Eric J. Michaud comments on Mech Interp Puzzle 2: Word2Vec Style Embeddings

Eric J. Michaud 31 Jul 2023 19:59 UTC
4 points
0
AF
I checked whether this token character length direction is important to the “newline prediction to maintain text width in line-limited text” behavior of pythia-70m. To review, one of the things that pythia-70m seems to be able to do is to predict newlines in places where a newline correctly breaks the text so that the line length remains approximately constant. Here’s an example of some text which I’ve manually broken periodically so that the lines have roughly the same width. The color of the token corresponds to the probability pythia-70m gave to predicting a newline as that token. Darker blue corresponds to a higher probability. I used CircuitsVis for this:
We can see that at the last couple tokens in most lines, the model starts placing nontrivial probability of a newline occurring there.
I thought that this “number of characters per token” direction would be part of whatever circuit implements this behavior. However, ablating that direction in embedding space seems to have little to no effect on the behavior. Going the other direction, manually adding this direction to the embeddings seems to not significantly effect the behavior either!

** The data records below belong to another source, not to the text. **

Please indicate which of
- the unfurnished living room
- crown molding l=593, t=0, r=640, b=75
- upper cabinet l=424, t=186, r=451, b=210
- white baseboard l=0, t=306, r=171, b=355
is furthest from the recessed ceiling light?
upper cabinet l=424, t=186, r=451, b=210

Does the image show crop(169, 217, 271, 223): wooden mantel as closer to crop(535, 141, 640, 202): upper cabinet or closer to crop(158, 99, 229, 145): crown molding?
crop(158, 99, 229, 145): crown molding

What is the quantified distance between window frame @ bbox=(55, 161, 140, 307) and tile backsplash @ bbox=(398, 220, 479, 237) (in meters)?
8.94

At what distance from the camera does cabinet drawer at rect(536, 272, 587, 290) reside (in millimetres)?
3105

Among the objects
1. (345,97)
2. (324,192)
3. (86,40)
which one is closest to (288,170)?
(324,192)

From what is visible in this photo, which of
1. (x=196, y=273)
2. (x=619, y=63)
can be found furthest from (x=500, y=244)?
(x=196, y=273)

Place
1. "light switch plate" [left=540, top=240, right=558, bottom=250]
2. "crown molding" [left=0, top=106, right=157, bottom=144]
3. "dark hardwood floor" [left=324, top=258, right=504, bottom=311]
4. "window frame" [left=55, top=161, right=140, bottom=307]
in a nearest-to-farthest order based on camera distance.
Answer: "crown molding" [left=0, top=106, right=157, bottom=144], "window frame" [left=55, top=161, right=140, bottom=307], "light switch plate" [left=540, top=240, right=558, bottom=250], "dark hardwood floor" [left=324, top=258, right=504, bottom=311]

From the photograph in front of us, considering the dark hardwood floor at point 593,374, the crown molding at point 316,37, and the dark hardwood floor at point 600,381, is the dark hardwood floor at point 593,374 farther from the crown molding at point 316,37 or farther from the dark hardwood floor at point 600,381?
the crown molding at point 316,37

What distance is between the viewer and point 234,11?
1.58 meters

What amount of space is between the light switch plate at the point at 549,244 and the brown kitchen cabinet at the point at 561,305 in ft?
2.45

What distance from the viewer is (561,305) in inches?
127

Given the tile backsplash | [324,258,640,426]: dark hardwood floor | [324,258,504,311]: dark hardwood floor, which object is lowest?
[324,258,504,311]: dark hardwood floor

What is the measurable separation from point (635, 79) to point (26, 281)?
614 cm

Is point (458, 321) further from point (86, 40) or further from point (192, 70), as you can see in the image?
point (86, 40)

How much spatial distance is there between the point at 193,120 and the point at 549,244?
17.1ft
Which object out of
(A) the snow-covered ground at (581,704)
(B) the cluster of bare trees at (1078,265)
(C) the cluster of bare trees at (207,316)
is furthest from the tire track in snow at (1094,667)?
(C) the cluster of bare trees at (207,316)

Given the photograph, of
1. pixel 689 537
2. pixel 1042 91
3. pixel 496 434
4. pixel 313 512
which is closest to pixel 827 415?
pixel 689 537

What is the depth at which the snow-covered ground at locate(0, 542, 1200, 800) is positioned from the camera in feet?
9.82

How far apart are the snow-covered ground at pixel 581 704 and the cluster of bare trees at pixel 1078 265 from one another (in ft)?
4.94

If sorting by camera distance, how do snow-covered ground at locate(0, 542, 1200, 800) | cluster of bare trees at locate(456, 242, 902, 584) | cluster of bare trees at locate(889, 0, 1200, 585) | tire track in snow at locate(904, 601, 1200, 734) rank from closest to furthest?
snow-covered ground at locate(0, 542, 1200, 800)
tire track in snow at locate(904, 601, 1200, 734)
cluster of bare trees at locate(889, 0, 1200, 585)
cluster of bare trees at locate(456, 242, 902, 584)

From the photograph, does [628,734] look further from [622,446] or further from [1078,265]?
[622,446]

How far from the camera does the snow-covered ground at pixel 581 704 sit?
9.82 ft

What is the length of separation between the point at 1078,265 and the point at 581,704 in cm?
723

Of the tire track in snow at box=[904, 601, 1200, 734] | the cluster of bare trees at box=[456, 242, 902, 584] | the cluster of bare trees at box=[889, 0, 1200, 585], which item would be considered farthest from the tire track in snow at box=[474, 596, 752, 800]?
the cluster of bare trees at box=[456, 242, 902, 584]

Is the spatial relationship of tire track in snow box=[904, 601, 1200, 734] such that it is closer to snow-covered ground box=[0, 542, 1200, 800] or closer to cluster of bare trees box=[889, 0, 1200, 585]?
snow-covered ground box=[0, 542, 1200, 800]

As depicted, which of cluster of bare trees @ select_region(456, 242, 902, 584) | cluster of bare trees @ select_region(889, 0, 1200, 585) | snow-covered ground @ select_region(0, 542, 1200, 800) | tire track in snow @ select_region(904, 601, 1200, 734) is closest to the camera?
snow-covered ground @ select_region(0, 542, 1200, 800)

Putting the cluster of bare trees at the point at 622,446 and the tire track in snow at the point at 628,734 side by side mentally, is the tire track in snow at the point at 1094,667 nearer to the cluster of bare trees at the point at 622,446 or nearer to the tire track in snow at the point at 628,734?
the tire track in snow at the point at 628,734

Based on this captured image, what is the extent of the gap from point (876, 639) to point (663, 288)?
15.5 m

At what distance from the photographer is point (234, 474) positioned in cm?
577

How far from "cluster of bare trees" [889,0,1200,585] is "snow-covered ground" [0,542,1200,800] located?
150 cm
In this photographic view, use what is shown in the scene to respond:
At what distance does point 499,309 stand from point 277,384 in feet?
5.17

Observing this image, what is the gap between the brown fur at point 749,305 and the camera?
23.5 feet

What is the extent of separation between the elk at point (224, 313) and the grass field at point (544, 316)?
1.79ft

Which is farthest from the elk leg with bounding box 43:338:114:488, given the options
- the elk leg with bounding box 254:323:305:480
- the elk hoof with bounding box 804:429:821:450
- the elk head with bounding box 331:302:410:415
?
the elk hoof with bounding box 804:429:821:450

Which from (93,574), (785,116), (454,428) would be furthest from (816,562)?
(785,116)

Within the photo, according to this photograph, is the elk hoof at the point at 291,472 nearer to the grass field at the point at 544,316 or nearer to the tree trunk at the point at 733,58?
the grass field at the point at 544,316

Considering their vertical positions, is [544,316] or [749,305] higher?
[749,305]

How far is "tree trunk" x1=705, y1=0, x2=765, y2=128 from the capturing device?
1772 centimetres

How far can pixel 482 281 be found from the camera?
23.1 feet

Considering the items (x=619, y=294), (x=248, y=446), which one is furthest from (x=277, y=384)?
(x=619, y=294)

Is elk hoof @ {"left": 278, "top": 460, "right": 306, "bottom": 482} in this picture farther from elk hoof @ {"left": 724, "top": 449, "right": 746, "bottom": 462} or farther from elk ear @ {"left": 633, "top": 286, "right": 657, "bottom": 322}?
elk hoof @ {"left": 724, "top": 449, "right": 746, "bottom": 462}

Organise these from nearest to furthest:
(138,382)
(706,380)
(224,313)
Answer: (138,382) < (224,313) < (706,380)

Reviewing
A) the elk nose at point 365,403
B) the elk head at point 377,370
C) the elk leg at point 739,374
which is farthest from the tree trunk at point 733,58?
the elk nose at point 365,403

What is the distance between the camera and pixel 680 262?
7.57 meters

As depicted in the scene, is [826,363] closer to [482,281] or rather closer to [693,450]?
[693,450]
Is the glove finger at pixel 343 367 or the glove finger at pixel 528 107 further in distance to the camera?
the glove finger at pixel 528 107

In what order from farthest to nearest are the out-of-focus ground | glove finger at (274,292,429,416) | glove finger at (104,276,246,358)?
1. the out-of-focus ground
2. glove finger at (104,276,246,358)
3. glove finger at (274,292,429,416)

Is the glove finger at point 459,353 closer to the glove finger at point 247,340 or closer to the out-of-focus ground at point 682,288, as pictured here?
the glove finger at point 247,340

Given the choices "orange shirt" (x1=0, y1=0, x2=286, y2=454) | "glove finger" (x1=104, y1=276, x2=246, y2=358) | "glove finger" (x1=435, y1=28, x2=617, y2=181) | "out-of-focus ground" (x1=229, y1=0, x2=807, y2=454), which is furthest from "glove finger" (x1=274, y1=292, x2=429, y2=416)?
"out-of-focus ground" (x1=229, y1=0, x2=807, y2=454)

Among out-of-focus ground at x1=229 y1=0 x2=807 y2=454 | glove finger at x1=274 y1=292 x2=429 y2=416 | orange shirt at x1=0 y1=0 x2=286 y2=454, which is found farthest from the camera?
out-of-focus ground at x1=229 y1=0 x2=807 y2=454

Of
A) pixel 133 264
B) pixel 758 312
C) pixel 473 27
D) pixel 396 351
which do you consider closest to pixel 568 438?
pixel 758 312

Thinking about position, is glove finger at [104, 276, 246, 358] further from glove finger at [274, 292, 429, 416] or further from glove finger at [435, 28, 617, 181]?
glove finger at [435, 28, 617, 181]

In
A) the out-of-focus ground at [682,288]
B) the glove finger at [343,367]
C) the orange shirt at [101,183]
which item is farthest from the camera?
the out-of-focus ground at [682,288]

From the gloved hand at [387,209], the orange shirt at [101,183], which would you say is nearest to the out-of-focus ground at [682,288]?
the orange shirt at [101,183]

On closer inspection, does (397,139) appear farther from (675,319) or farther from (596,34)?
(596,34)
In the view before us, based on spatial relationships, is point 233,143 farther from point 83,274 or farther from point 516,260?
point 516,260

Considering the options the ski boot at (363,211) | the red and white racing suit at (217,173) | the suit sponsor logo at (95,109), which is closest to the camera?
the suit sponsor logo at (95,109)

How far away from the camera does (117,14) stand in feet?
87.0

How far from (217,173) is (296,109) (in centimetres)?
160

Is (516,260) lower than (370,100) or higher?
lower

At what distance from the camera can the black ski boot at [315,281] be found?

Maybe there are multiple directions representing the length of a token? Here’s the colab to reproduce: https://colab.research.google.com/drive/1HNB3NHO7FAPp8sHewnum5HM-aHKfGTP2?usp=sharing
- Neel Nanda 31 Jul 2023 21:46 UTC
  LW: 3 AF: 2
  0
  AF Parent
  Oh that’s fascinating, thanks for sharing! In the model I was studying I found that intervening on the token direction mattered a lot for ending lines after 80 characters. Maybe there are multiple directions...? Very weird!